§ **PROBLEM TO SOLVE**
For every record below, repeat the text exactly and pass over any image.
◇ ◇ ◇ ◇
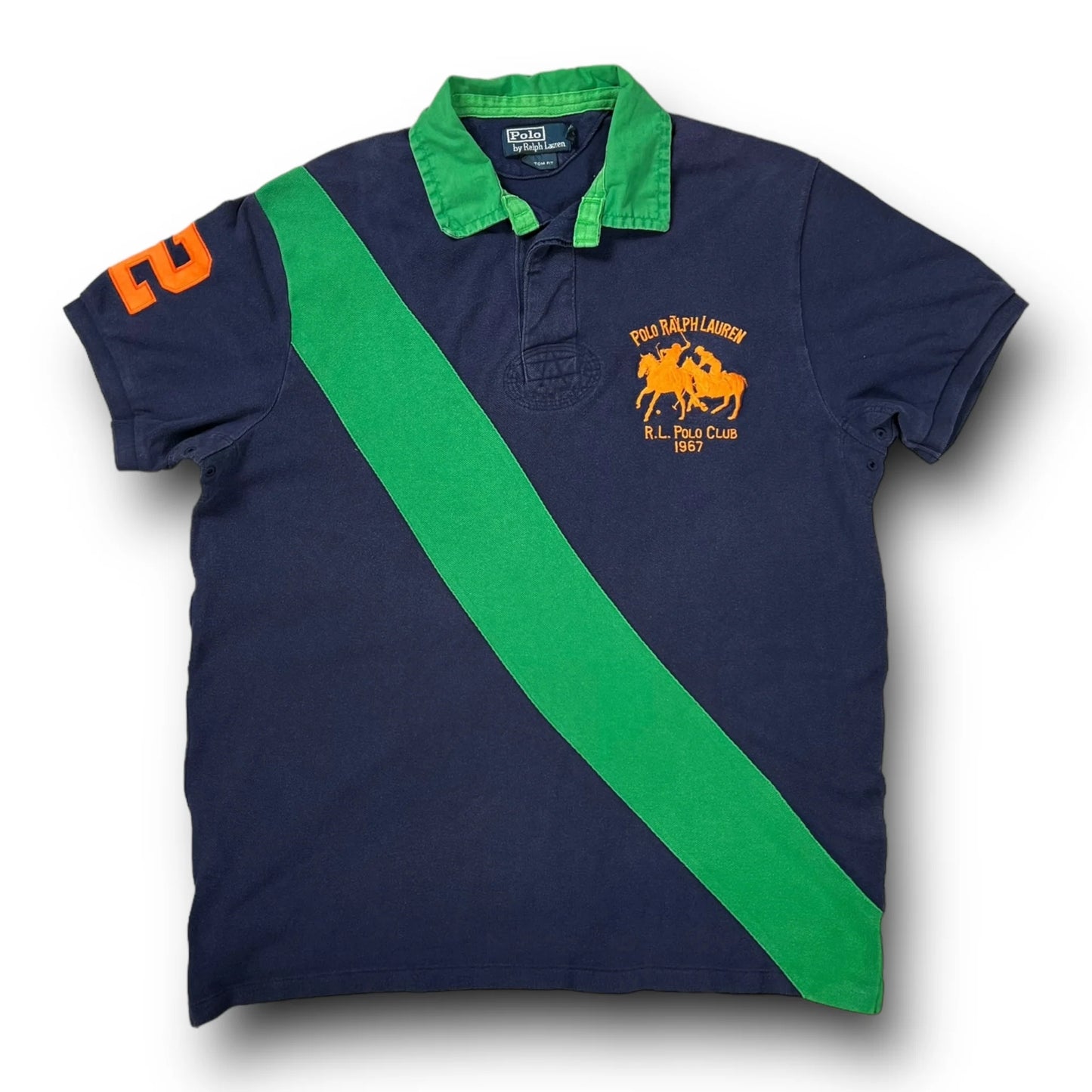 Ralph Lauren Polo (L)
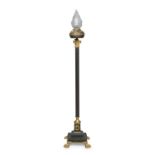 FLOOR LAMP EMPIRE STYLE 20TH CENTURY
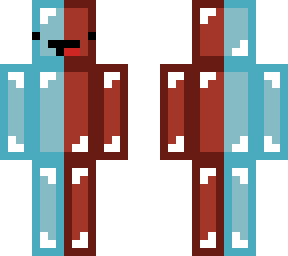 aqua marine + garnet
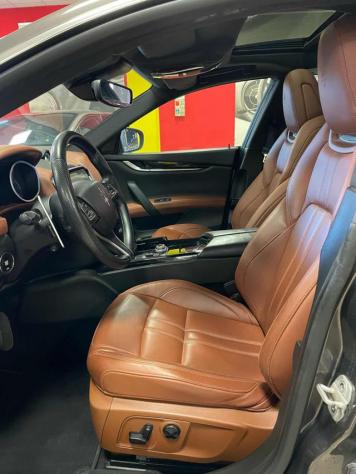 MASERATI Ghibli V6 Gransport*TETTO/CARBONIO/PELLE* rif. 23922670 - Foto 7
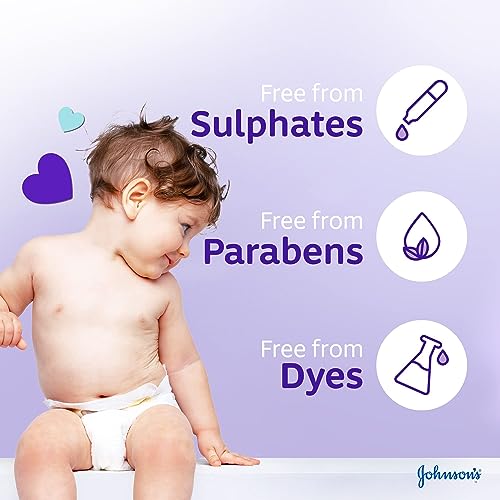 Johnson's Baby Cologne, Dream, 100ml, with a gentle and refreshing scent, perfect for your baby's delicate skin, dermatologist tested and hypoallergenic (Pack of 2)
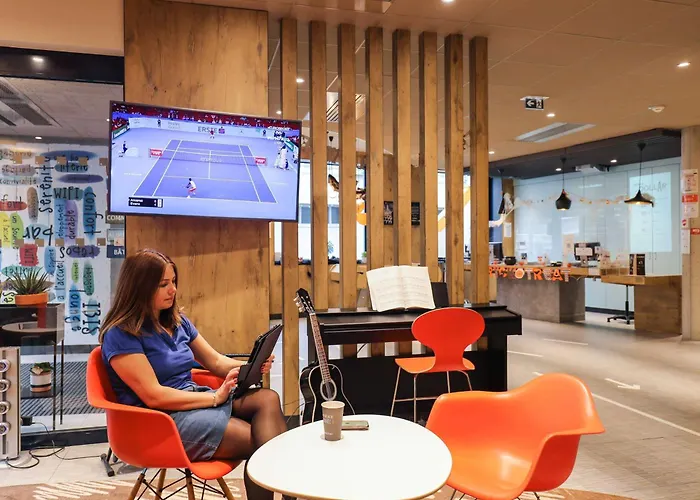 Ibis Germain En Laye Centre 3*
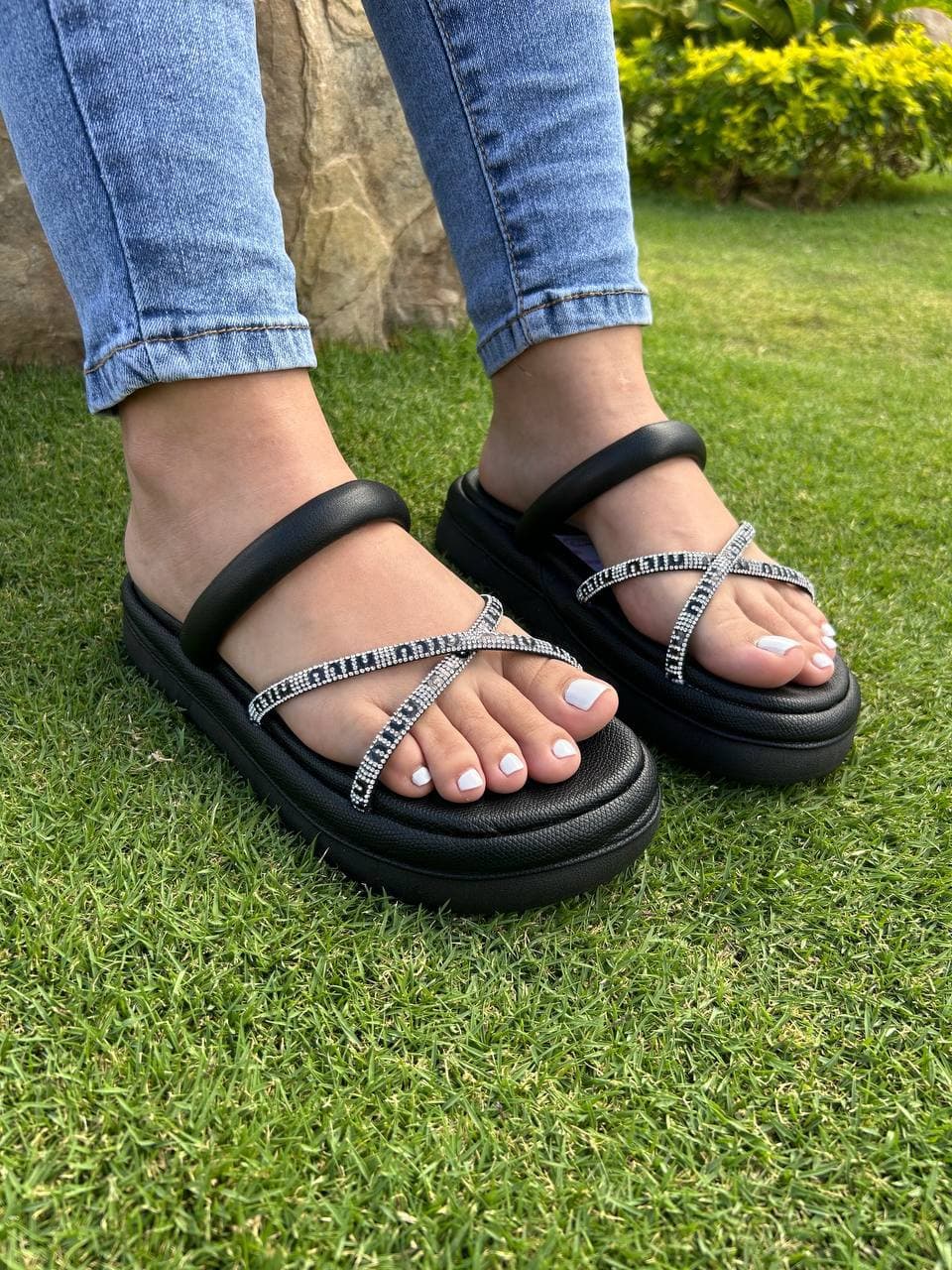 Sandalia canoa REF 113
◇ ◇ ◇ ◇
§ **SOLUTION**
 Ralph Lauren Polo (L)
 FLOOR LAMP EMPIRE STYLE 20TH CENTURY
 aqua marine + garnet
 MASERATI Ghibli V6 Gransport*TETTO/CARBONIO/PELLE* rif. 23922670 - Foto 7
 Johnson's Baby Cologne, Dream, 100ml, with a gentle and refreshing scent, perfect for your baby's delicate skin, dermatologist tested and hypoallergenic (Pack of 2)
 Ibis Germain En Laye Centre 3*
 Sandalia canoa REF 113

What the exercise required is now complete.